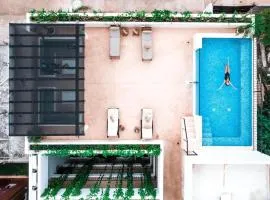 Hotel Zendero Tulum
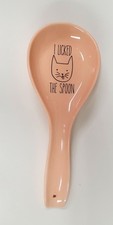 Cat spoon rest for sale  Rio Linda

--

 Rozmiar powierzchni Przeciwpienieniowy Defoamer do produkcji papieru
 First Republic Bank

TASK BRIEF | Give back, unchanged, the run of lines in the listing above that begins at the line containing "Rozmiar powierzchni Przeciwpienieniowy" and ends at the line containing "First Republic Bank", both included.

TASK RESPONSE |
 Rozmiar powierzchni Przeciwpienieniowy Defoamer do produkcji papieru
 First Republic Bank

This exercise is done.